A biblical-era Israeli shrine shows signs of the earliest ritual use of marijuana

Chemical analyses of residue from an altar reveal a cannabis–animal dung mixture

Arad shrine

A section of the more than 2,700-year-old shrine at Arad, rebuilt from original archaeological finds for display at the Israel Museum, Jerusalem, includes two altars, one with frankincense residue (left) and one with cannabis residue (right).

Israel Antiquities Authority Collection, photo © The Israel Museum, Jerusalem, by Laura Lachman

A limestone altar from an Iron Age shrine in Israel contains remnants of the world’s earliest known instance of burning cannabis plants in a ritual ceremony, a new study finds.

This altar, along with a second altar on which frankincense was burned, stood at the entrance to a room where religious rites were presumably held inside a fortress of the biblical kingdom of Judah. Previous analyses of recovered pottery and documented historical events at the site indicate that the shrine was used from roughly 760 B.C. to 715 B.C.

Excavations at Israel’s Tel Arad site in the 1960s uncovered the shrine amid the ruins of two fortress cities, one built atop the other, that date from the ninth century B.C. to the early sixth century B.C. Arad, about 45 kilometers west of the Dead Sea, guarded Judah’s southern border.

Chemical analyses of dark material on the two altars’ upper surfaces conducted in the late 1960s proved inconclusive. Using modern laboratory devices, a team led by archaeologist Eran Arie of the Israel Museum, Jerusalem and bioarchaeologist Dvory Namdar of Israel’s Agricultural Research Organization – Volcani Center in Bet-Dagan analyzed chemical components of residues on each altar. 

Cannabis on the smaller of the two altars had been mixed with animal dung so it could be burned at a low temperature, likely allowing ritual specialists to inhale the plant’s mind-altering fumes, the researchers report online May 29 in Tel Aviv, a journal published by Tel Aviv University’s Institute of Archaeology. This cannabis sample contained enough of the plant’s psychoactive compound THC to have induced an altered state of consciousness by breathing in its fumes.

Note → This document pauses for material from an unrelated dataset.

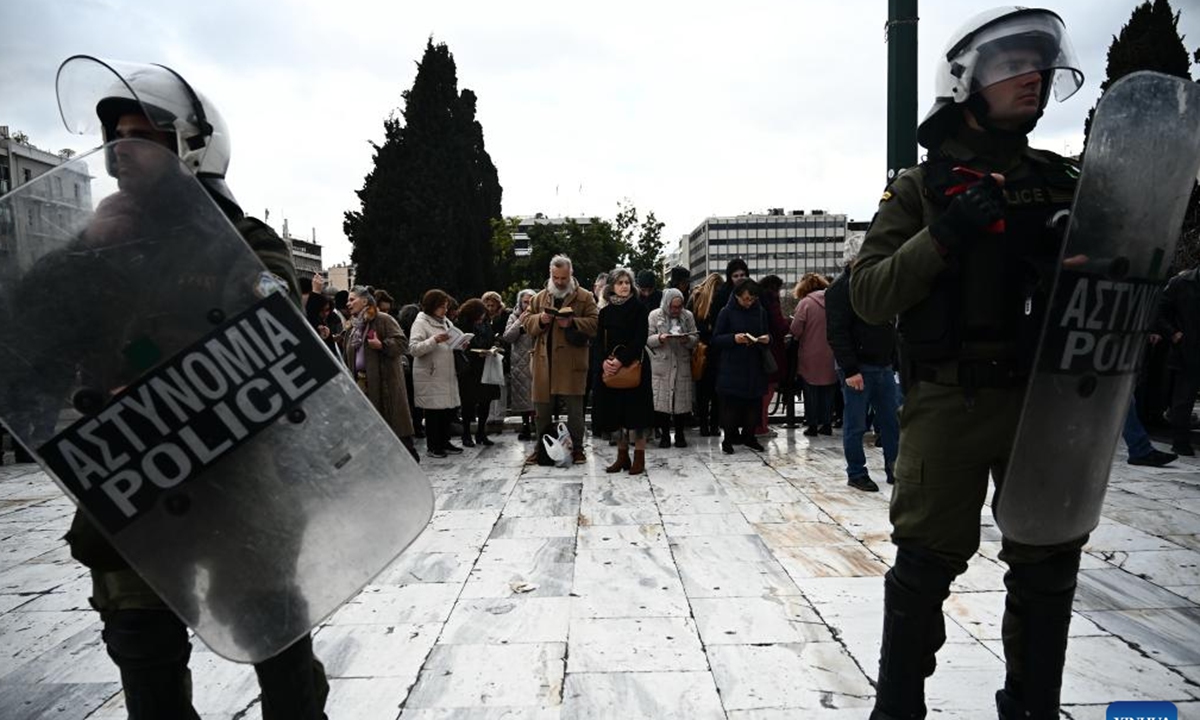 People wait outside the Parliament while the bill on same-sex marriage is debated in Athens, Greece, on Feb. 15, 2024. Greece's parliament approved a landmark bill allowing same-sex civil marriage on Thursday, granting same-sex couples the right to wed and adopt children. (Xinhua/Marios Lolos)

Frankincense, a form of dried tree resin, was placed on the larger altar and mixed with animal fats that enabled burning at temperatures high enough to release the resin’s fragrance, the researchers say.

Biblical and historical texts indicate that frankincense and another fragrant tree resin, myrrh, reached the Iron Age Middle East and surrounding regions via trade from southern Arabia.

“But cannabis is completely new for understanding incense burning in this region, and in Judah in particular,” Arie says. Earlier evidence had pointed to the use of other mind-bending substances, such as opium, during religious rituals in various parts of the ancient Middle East and southwest Asia.

Arie suspects cannabis plants were cultivated far from Israel, in what’s now China or southeastern Russia. Knowledge of cannabis, or marijuana, probably spread from eastern and central Asia to Europe along early Silk Road trade routes, says archaeobotanist Robert Spengler of the Max Planck Institute for the Science of Human History in Jena, Germany. Mourners at a cemetery in western China inhaled cannabis fumes around 2,500 years ago (SN: 6/12/19).

It’s unclear how Middle Easterners learned about and acquired potent forms of cannabis, Spengler says. Discoveries at the Arad shrine, he says, “further complicate the early story of cannabis.”

Many Iron Age altars at Middle Eastern sites resemble the two at Tel Arad, says archaeologist Shimon Gibson of the University of North Carolina at Charlotte. The new report provides the first direct evidence that incense, sometimes including cannabis, was burned on at least some of those altars, he suggests. “It’s interesting to think of the priests officiating at these altars getting ‘high,’” Gibson muses.